The selection of a natural color palette of ALUCOBOND® PLUS installed as building cladding helped to fulfill a critical design goal that “the building should not be flashy or overly colorful” to avoid distressing students with special needs, according to Guy Davidson, AIA, senior designer, LSE Architects.

“Given the former building’s inadequate site and play areas, I began to think about maximizing the children’s experience in their new play areas and how to make the building reflect that feeling,” said Davidson. “The Chestnut wood-finish and Rusted Metal ALUCOBOND panels were an easy, natural fit into the natural landscape idea. Those colors became the unifying overall body of the building. The building’s separate programs came to be signified by the use of the ALUCOBOND Spectra Amazon and Ocean panels – especially at the separate entries for these programs. I wanted kids looking from the playground to the building to see the sparkle of the Ocean blue and Amazon green panels and be uplifted but not distressed. The new site is delightfully expansive and natural. I think that natural feeling was also delivered in our building design.”
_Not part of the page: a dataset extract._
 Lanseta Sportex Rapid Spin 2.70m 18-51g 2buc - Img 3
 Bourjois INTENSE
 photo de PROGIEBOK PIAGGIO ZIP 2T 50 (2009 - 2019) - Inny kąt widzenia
The ALUCOBOND® PLUS Natural and Spectra colored ACM panels were juxtaposed with red brick on the building’s façade. “The owner loves the brick because the iron spot elements within each brick give the walls life with a scattered sparkle rather than the wall becoming a large singular element,” said Davidson. “The color is warm but stays a bit in the background to allow the other materials equal play.”

Davidson said the selection of the Rusted Metal and Chestnut ALUCOBOND® PLUS panels will keep the building from becoming “dated” and provide ease of maintenance for the school district.

“The fact that I could get the timeless look of wood and rusted metal in long-lasting ALUCOBOND material – instead of actual wood, for example – is great,” said Davidson. “This building was the third constructed by this owner within three years, so they are very sophisticated about what materials work and last.”

Davidson brought the exterior natural color theme indoors by incorporating Rusted Metal panels as an interior accent in the center’s main vestibule. He described this interior design choice as “sometimes fun to put a piece of material at touch level to make the rest of the material that’s not touchable that much more familiar.”